Repeat the lines of the data exactly and exclude any picture among them.

Given information >>
──────────

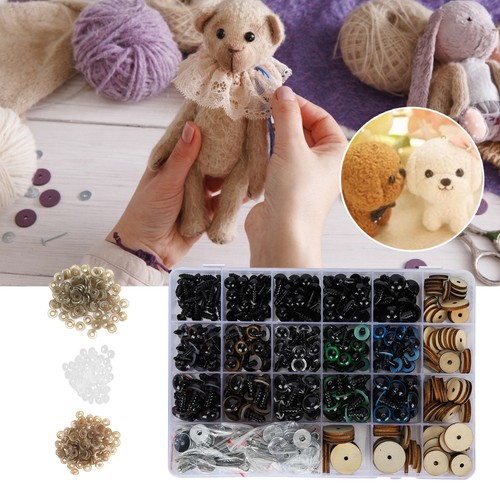 Plastic eyes with movable - with,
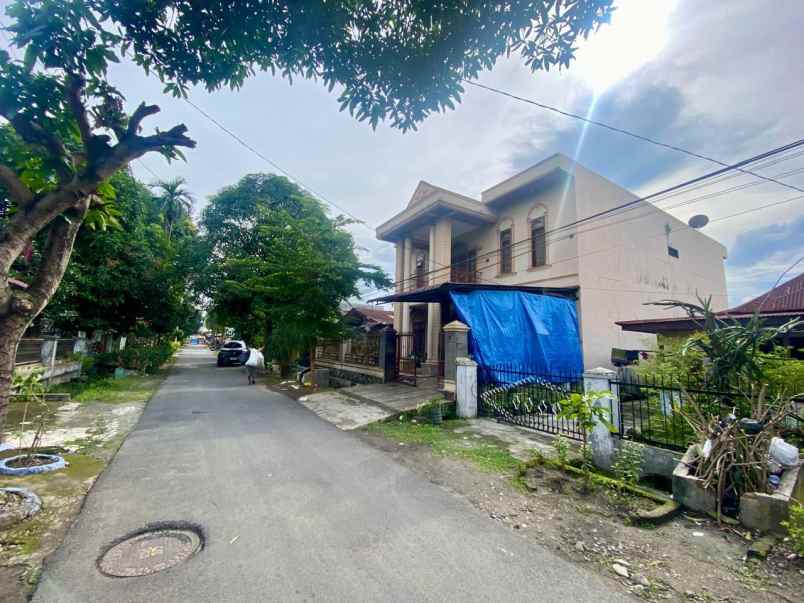 dijual rumah jl gunung sinabung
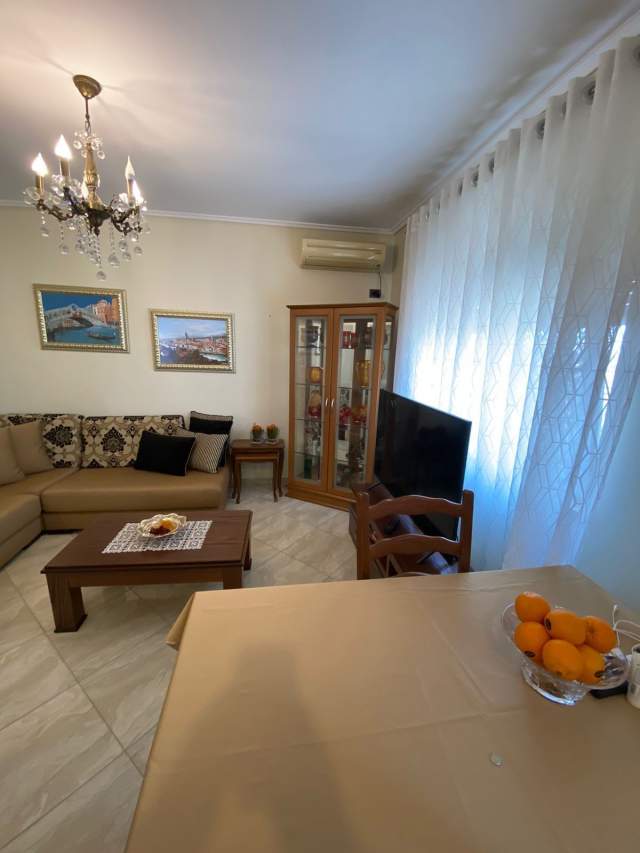 Tirane, shitet apartament 1+1 Kati 5, 57 m² 72.000 Euro (Rruga Siri Kodra)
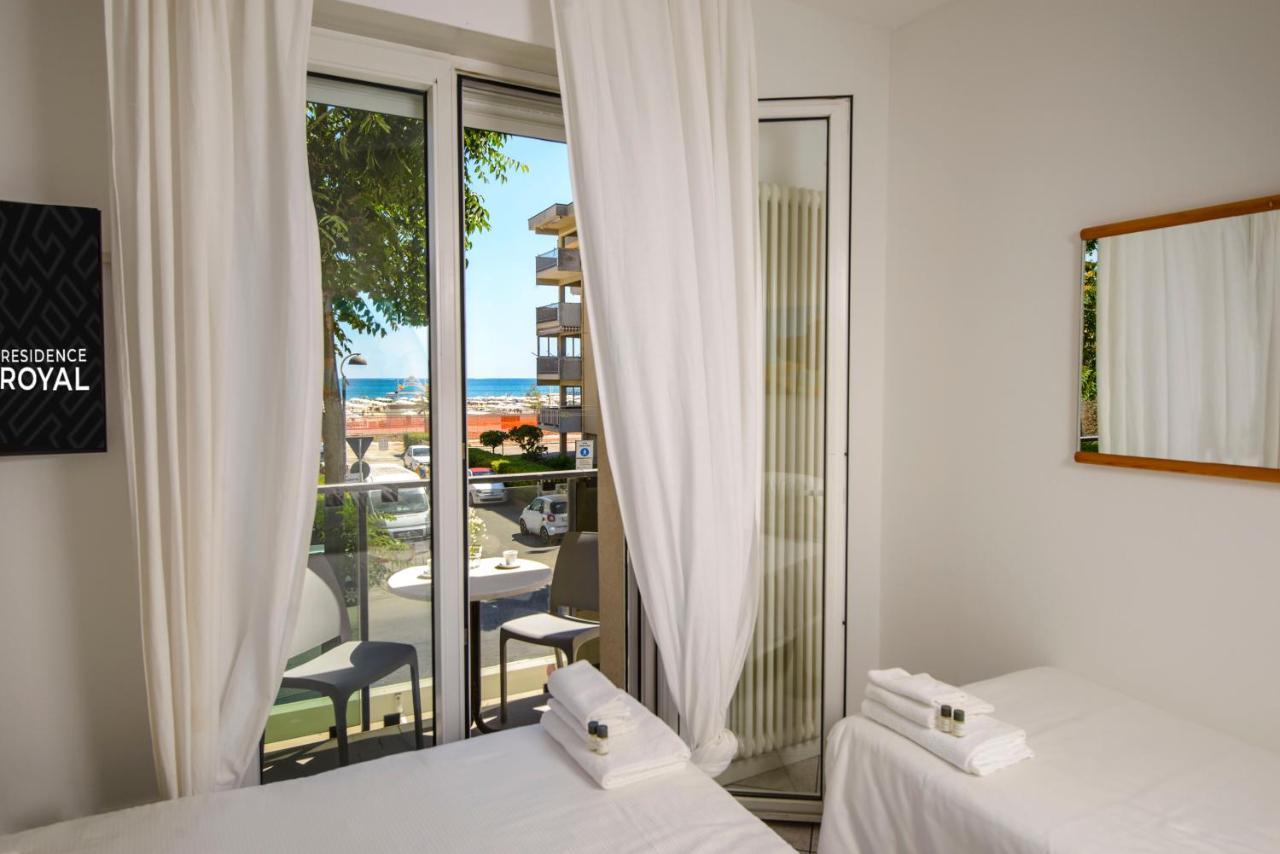 Residence Royal Rimini Exteriér fotografie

──────────

Response below >>
 Plastic eyes with movable - with,
 dijual rumah jl gunung sinabung
 Tirane, shitet apartament 1+1 Kati 5, 57 m² 72.000 Euro (Rruga Siri Kodra)
 Residence Royal Rimini Exteriér fotografie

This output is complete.